###groupBy() transformation

 Similar to SQL GROUP BY clause, PySpark **groupBy**() transformation is used to group rows that have the same values in specified columns into summary rows. It allows you to perform aggregate functions on groups of rows, rather than on individual rows, enabling you to summarize data and generate aggregate statistics.

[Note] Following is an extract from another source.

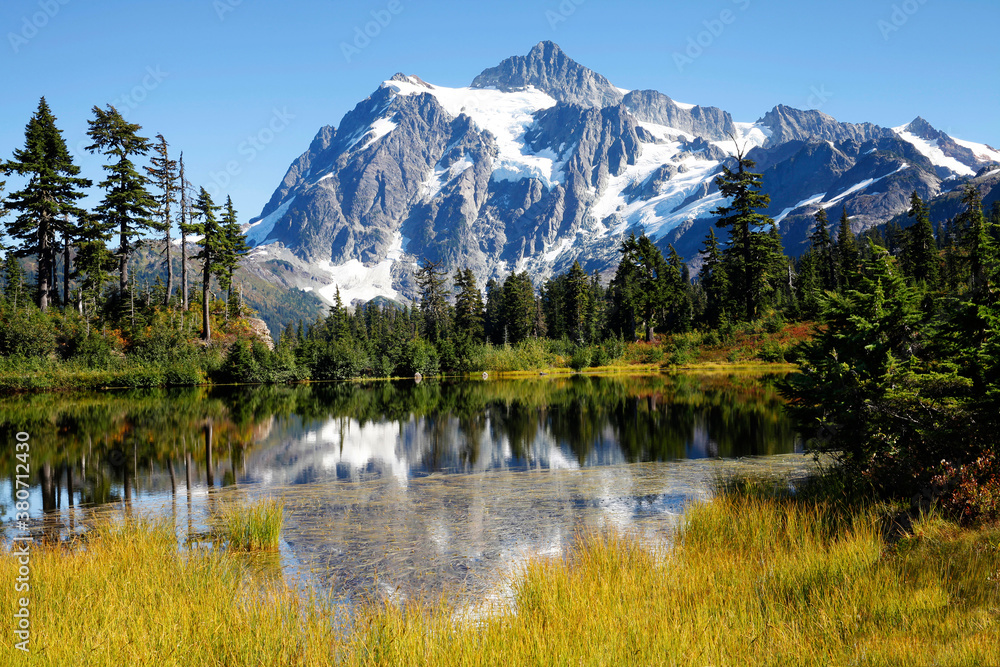 Mt. Shuksan and reflections in Picture Lake in autumn in Washington state
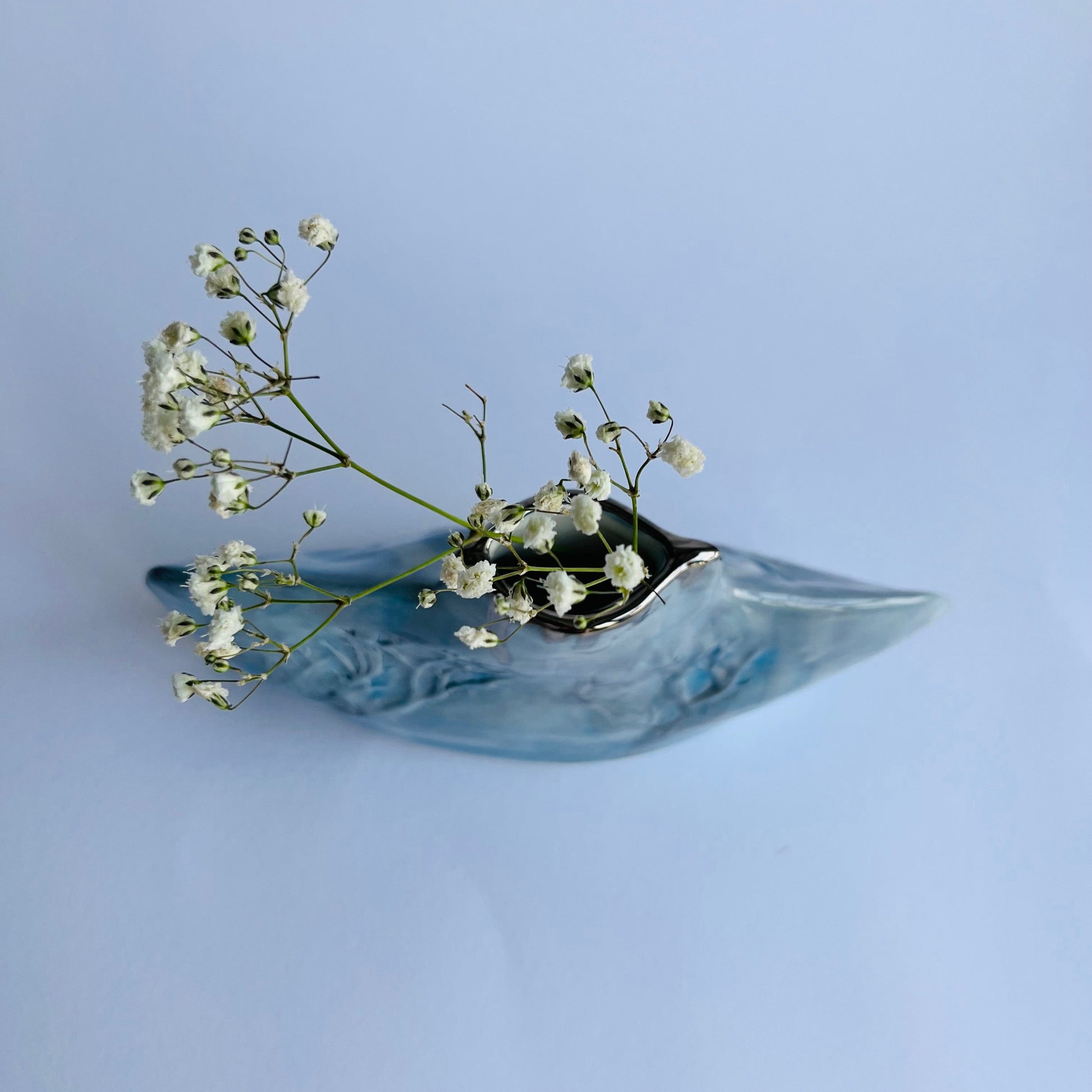 Blue and Grey Silhouette Winter Trees Porcelain Bottle Vase from above with gypsophila by Nicola Briggs Ceramics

#####Aggregate functions: 
- **count**() Returns the number of rows for each group.
- **max**()	Returns the maximum of values for each group.
- **min**()	Returns the minimum of values for each group.
- **sum**()	Returns the total for values for each group.
- **avg**()	Returns the average for values for each group.
- **agg**()	Using groupBy() agg() function, we can calculate more than one aggregate at a time.

In [0]:
# Data
simpleData = [
    ("James","Sales","NY",90000,34,10000),
    ("Michael","Sales","NY",86000,56,20000),
    ("Robert","Sales","CA",81000,30,23000),
    ("Maria","Finance","CA",90000,24,23000),
    ("Raman","Finance","CA",99000,40,24000),
    ("Scott","Finance","NY",83000,36,19000),
    ("Jen","Finance","NY",79000,53,15000),
    ("Jeff","Marketing","CA",80000,25,18000),
    ("Kumar","Marketing","NY",91000,50,21000)
]

# Create DataFrame
schema = ["employee_name","department","state","salary","age","bonus"]
df = spark.createDataFrame(data=simpleData, schema=schema)

df.printSchema()
df.show(truncate=False)


In [0]:
# Using groupBy().sum()
df.groupBy("department").sum("salary").show(truncate=False)


In [0]:
# Using groupBy().count()
df.groupBy("department").count().show()

In [0]:
# Using groupBy().min()
df.groupBy("department").min("salary").show()

In [0]:
# Using groupBy().max()
df.groupBy("department").max("salary").show()

In [0]:
# Using groupBy().avg()
df.groupBy("department").avg( "salary").show()

In [0]:
# GroupBy on multiple columns
df.groupBy("department","state") \
    .sum("salary","bonus") \
    .show()

In [0]:
# Running more aggregations

df.groupBy("department") \
    .agg(sum("salary").alias("sum_salary"), \
         avg("salary").alias("avg_salary"), \
         sum("bonus").alias("sum_bonus"), \
         max("bonus").alias("max_bonus") \
     ) \
    .show(truncate=False)

In [0]:
# Using filter on aggregate data

from pyspark.sql.functions import col
df.groupBy("department") \
    .agg(sum("salary").alias("sum_salary"), \
      avg("salary").alias("avg_salary"), \
      sum("bonus").alias("sum_bonus"), \
      max("bonus").alias("max_bonus")) \
    .where(col("sum_bonus") >= 50000) \
    .show(truncate=False)

In [0]:
# Use last() with groupBy() - to retrieve the last value of a column within each group.
from pyspark.sql.functions import last
df.groupBy("department").agg(last("salary")).show()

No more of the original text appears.